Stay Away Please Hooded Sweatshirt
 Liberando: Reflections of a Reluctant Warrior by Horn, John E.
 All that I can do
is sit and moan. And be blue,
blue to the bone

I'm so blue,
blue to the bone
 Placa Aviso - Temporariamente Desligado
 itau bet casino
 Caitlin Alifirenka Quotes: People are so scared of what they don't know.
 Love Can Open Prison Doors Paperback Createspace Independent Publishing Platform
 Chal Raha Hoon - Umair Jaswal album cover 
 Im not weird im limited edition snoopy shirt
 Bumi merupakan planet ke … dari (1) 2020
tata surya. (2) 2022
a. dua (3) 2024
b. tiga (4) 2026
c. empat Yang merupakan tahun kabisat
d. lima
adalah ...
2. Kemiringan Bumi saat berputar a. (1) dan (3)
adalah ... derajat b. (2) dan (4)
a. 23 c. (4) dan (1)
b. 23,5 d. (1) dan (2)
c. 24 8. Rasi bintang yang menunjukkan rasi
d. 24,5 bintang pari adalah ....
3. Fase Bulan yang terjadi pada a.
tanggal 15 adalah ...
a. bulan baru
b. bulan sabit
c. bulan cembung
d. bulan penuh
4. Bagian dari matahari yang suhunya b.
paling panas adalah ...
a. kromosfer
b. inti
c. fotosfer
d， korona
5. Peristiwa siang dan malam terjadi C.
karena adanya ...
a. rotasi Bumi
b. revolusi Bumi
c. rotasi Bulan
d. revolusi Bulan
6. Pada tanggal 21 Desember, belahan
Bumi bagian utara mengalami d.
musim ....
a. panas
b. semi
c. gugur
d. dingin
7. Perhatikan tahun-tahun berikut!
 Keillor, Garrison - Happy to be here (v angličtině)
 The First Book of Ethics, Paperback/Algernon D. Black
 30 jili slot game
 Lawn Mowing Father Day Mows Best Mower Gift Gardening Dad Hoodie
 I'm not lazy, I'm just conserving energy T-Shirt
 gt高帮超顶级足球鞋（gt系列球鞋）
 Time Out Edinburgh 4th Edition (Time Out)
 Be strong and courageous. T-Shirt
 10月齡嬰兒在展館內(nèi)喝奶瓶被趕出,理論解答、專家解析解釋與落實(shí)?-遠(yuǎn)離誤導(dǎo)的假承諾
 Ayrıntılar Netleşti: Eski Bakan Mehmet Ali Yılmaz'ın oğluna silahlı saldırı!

--------------------------------------------------

Reproduce exactly the lines from the one containing "c. bulan cembung" through the last line of the records, both included, and nothing else.

• Result for this exercise
c. bulan cembung
d. bulan penuh
4. Bagian dari matahari yang suhunya b.
paling panas adalah ...
a. kromosfer
b. inti
c. fotosfer
d， korona
5. Peristiwa siang dan malam terjadi C.
karena adanya ...
a. rotasi Bumi
b. revolusi Bumi
c. rotasi Bulan
d. revolusi Bulan
6. Pada tanggal 21 Desember, belahan
Bumi bagian utara mengalami d.
musim ....
a. panas
b. semi
c. gugur
d. dingin
7. Perhatikan tahun-tahun berikut!
 Keillor, Garrison - Happy to be here (v angličtině)
 The First Book of Ethics, Paperback/Algernon D. Black
 30 jili slot game
 Lawn Mowing Father Day Mows Best Mower Gift Gardening Dad Hoodie
 I'm not lazy, I'm just conserving energy T-Shirt
 gt高帮超顶级足球鞋（gt系列球鞋）
 Time Out Edinburgh 4th Edition (Time Out)
 Be strong and courageous. T-Shirt
 10月齡嬰兒在展館內(nèi)喝奶瓶被趕出,理論解答、專家解析解釋與落實(shí)?-遠(yuǎn)離誤導(dǎo)的假承諾
 Ayrıntılar Netleşti: Eski Bakan Mehmet Ali Yılmaz'ın oğluna silahlı saldırı!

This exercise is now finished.